◆ MATERIAL PROVIDED
[Start of section]

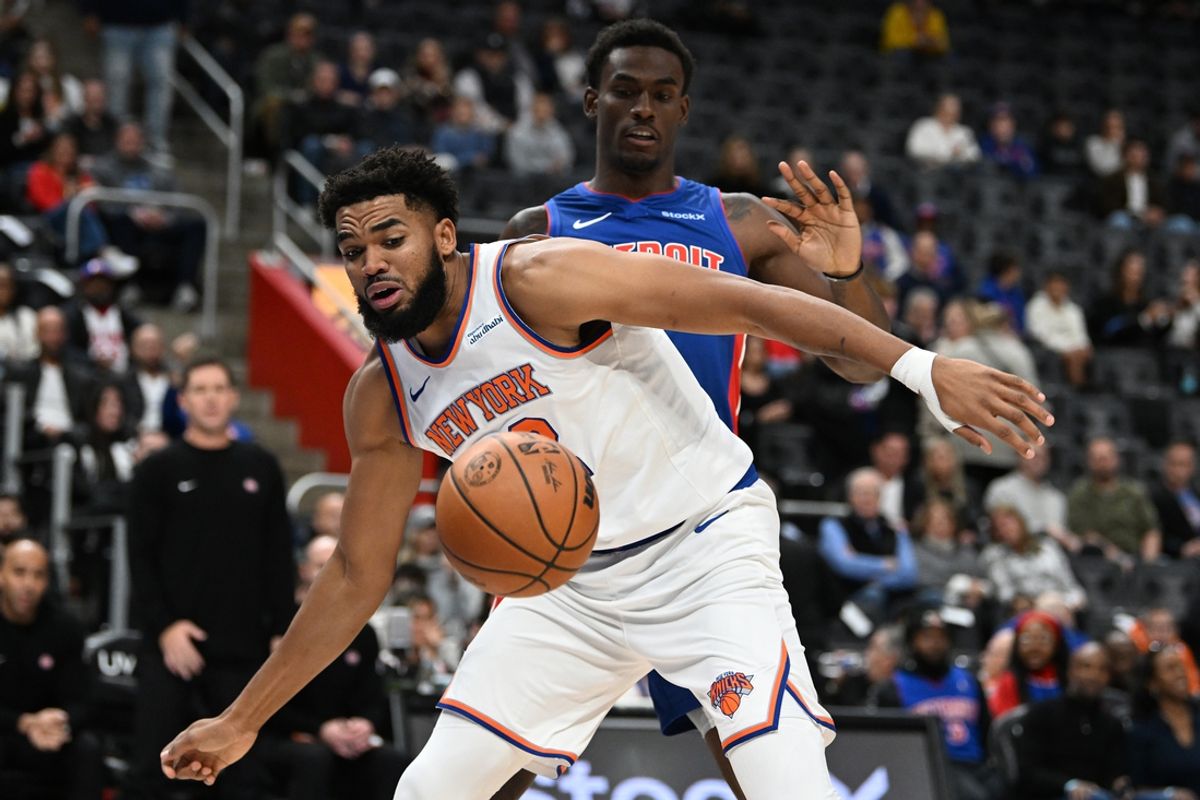 Nov 1, 2024; Detroit, Michigan, USA; New York Knicks center Karl-Anthony Towns (32) battles for a loose ball with Detroit Pistons center Jalen Duren (0) in the first quarter at Little Caesars Arena. Mandatory Credit: Lon Horwedel-Imagn Images
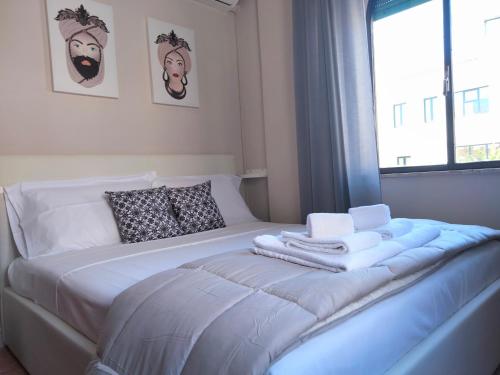 Giường trong phòng chung tại Taormina Center Private Apartments By Fragranza Di Sicilia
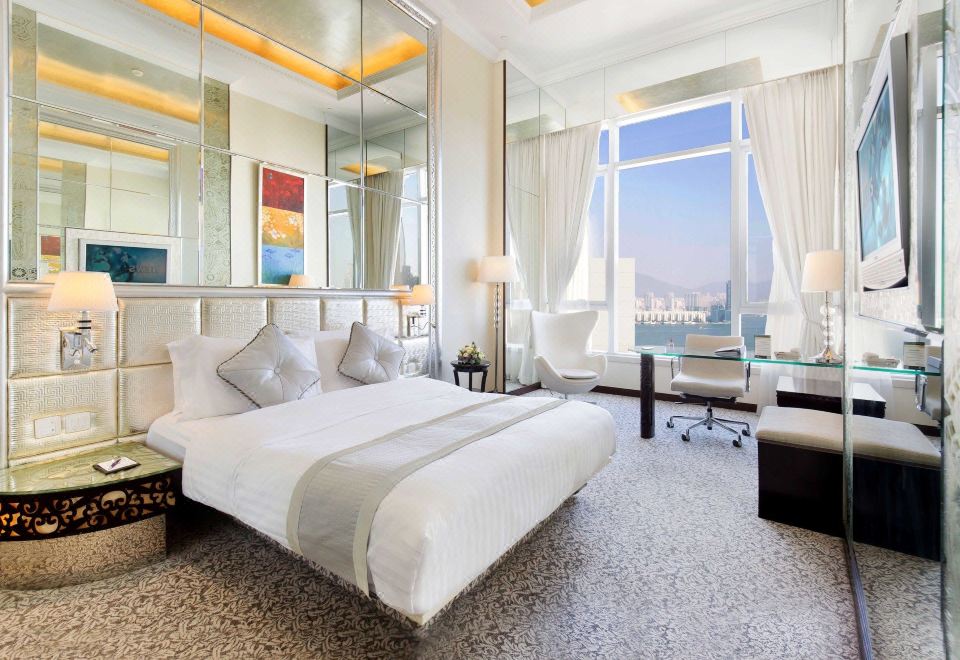 elegant wooden nightstand with a lamp on top, creating a serene and bright atmosphere at Regal Hongkong Hotel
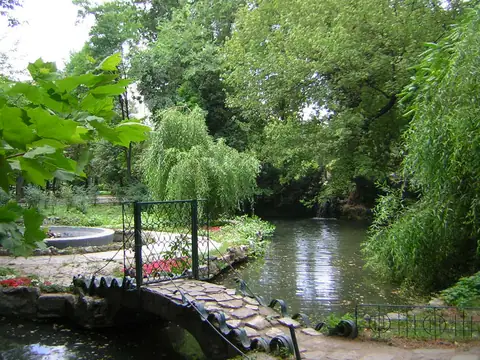 A planted bank, path and lake in Cișmigiu Gardens, Bucharest.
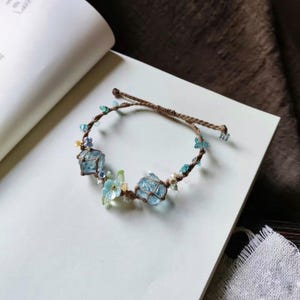 May include: A delicate bracelet made with brown cord, blue and green crystals, and small flower accents.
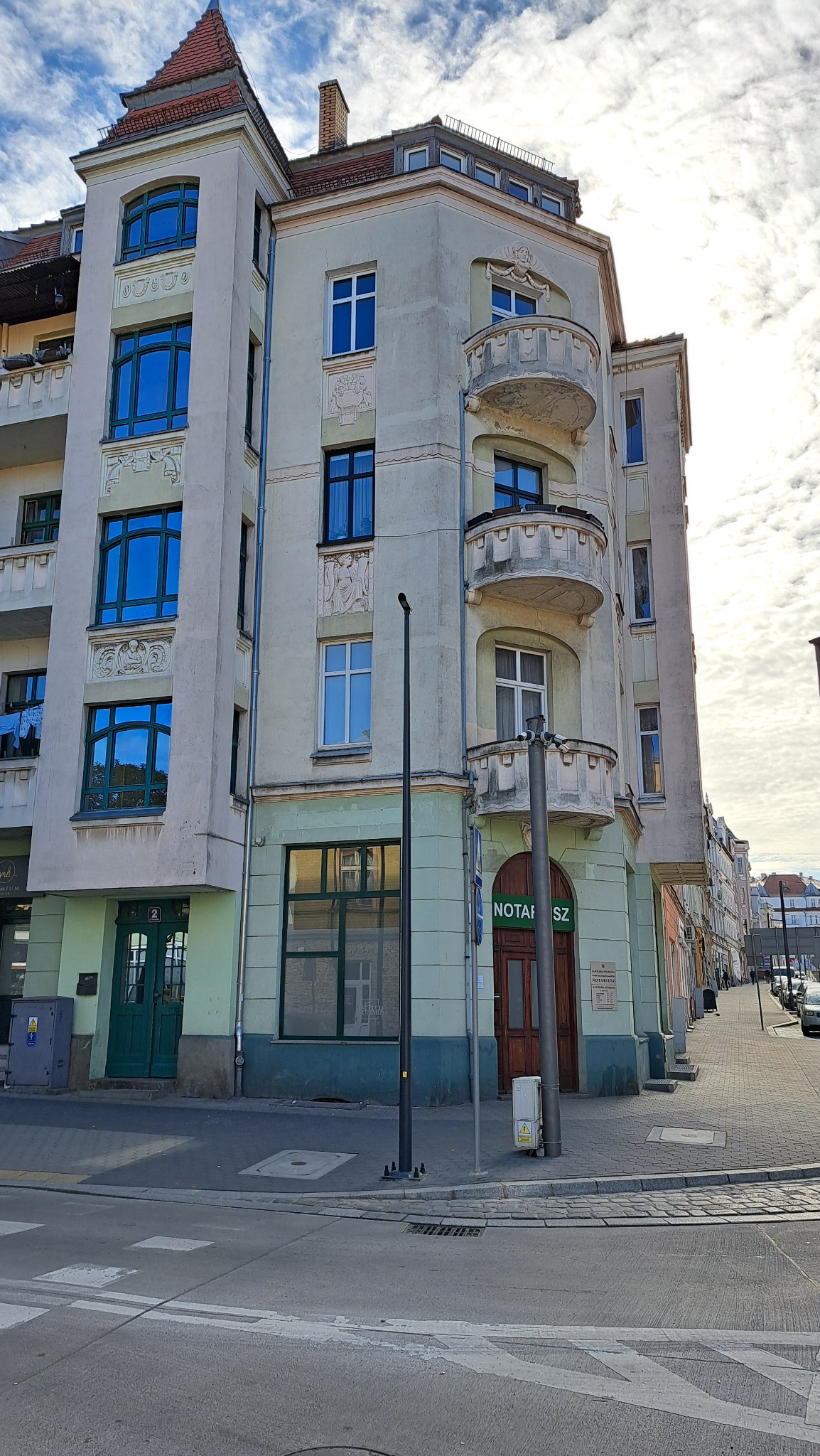 Kamienica narożna z balkonami, zielonymi oknami i szyldem 'Notariusz' w słoneczny dzień.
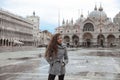 Beautiful tourist girl with long blowing hair in San Marco square in front of the basilica, Venice, Italy. Happy smiling brunette Royalty Free Stock Photo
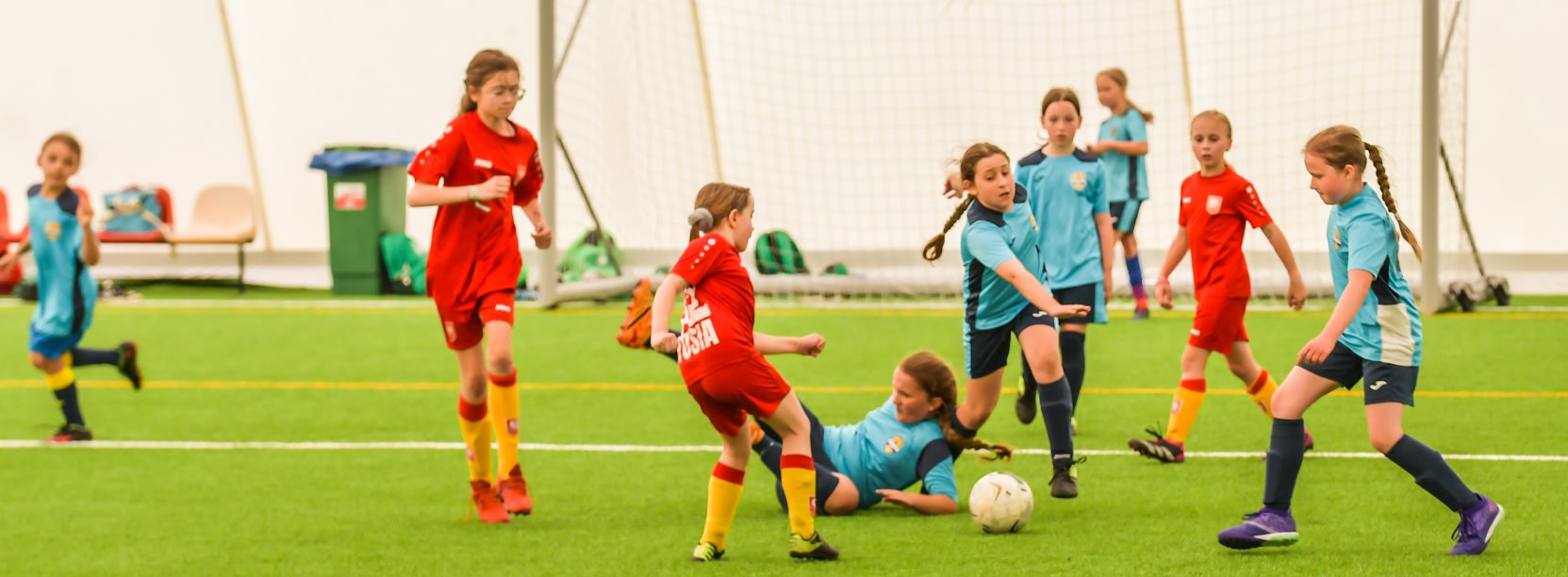 Młode dziewczyny w sportowych strojach grają w piłkę, w tle bramka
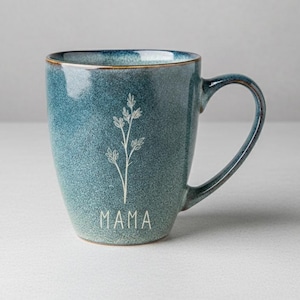Puede incluir: Una taza de cer&aacute;mica color turquesa con un dise&ntilde;o floral blanco y la palabra "MAMA" impresa en la parte delantera. La taza tiene forma redondeada, un asa y un borde dorado. La taza mide aproximadamente 10 cm de alto.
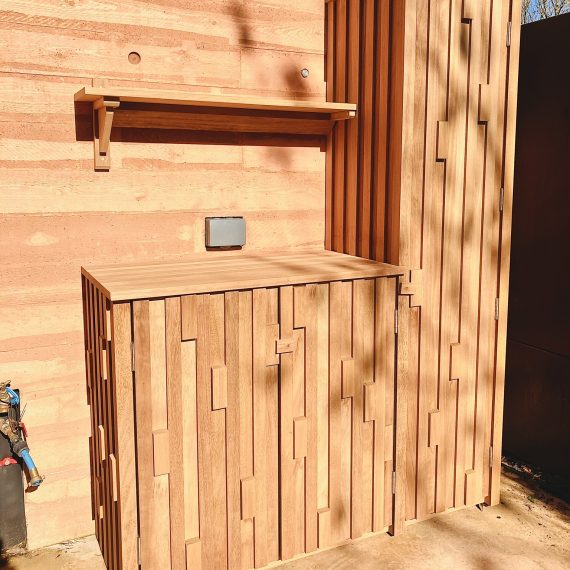 Bespoke outdoor cupboard and storage with shelving in oak and hardwood with unique luxury detailing.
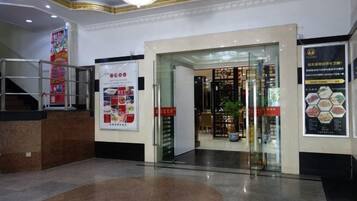 A hotel lobby with a reception desk, a staircase, and a glass door leading to a restaurant.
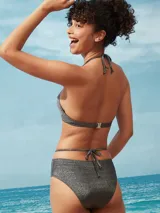 Conjunto de bikini negro brillante con corpiño triangular con tirantes finos y bombacha de corte clásico con tiras laterales.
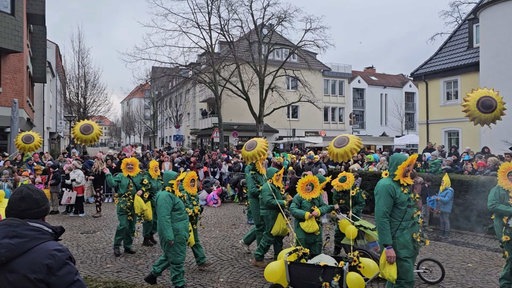 Manche Personen sind als Sonnenblumen verkleidet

[End of section]

◆ YOUR ASSIGNMENT
Repeat the exact lines from the first line of the data through the line containing "Bespoke outdoor cupboard". Nothing else, no pictures.

◆ YOUR RESPONSE
 Nov 1, 2024; Detroit, Michigan, USA; New York Knicks center Karl-Anthony Towns (32) battles for a loose ball with Detroit Pistons center Jalen Duren (0) in the first quarter at Little Caesars Arena. Mandatory Credit: Lon Horwedel-Imagn Images
 Giường trong phòng chung tại Taormina Center Private Apartments By Fragranza Di Sicilia
 elegant wooden nightstand with a lamp on top, creating a serene and bright atmosphere at Regal Hongkong Hotel
 A planted bank, path and lake in Cișmigiu Gardens, Bucharest.
 May include: A delicate bracelet made with brown cord, blue and green crystals, and small flower accents.
 Kamienica narożna z balkonami, zielonymi oknami i szyldem 'Notariusz' w słoneczny dzień.
 Beautiful tourist girl with long blowing hair in San Marco square in front of the basilica, Venice, Italy. Happy smiling brunette Royalty Free Stock Photo
 Młode dziewczyny w sportowych strojach grają w piłkę, w tle bramka
Puede incluir: Una taza de cer&aacute;mica color turquesa con un dise&ntilde;o floral blanco y la palabra "MAMA" impresa en la parte delantera. La taza tiene forma redondeada, un asa y un borde dorado. La taza mide aproximadamente 10 cm de alto.
 Bespoke outdoor cupboard and storage with shelving in oak and hardwood with unique luxury detailing.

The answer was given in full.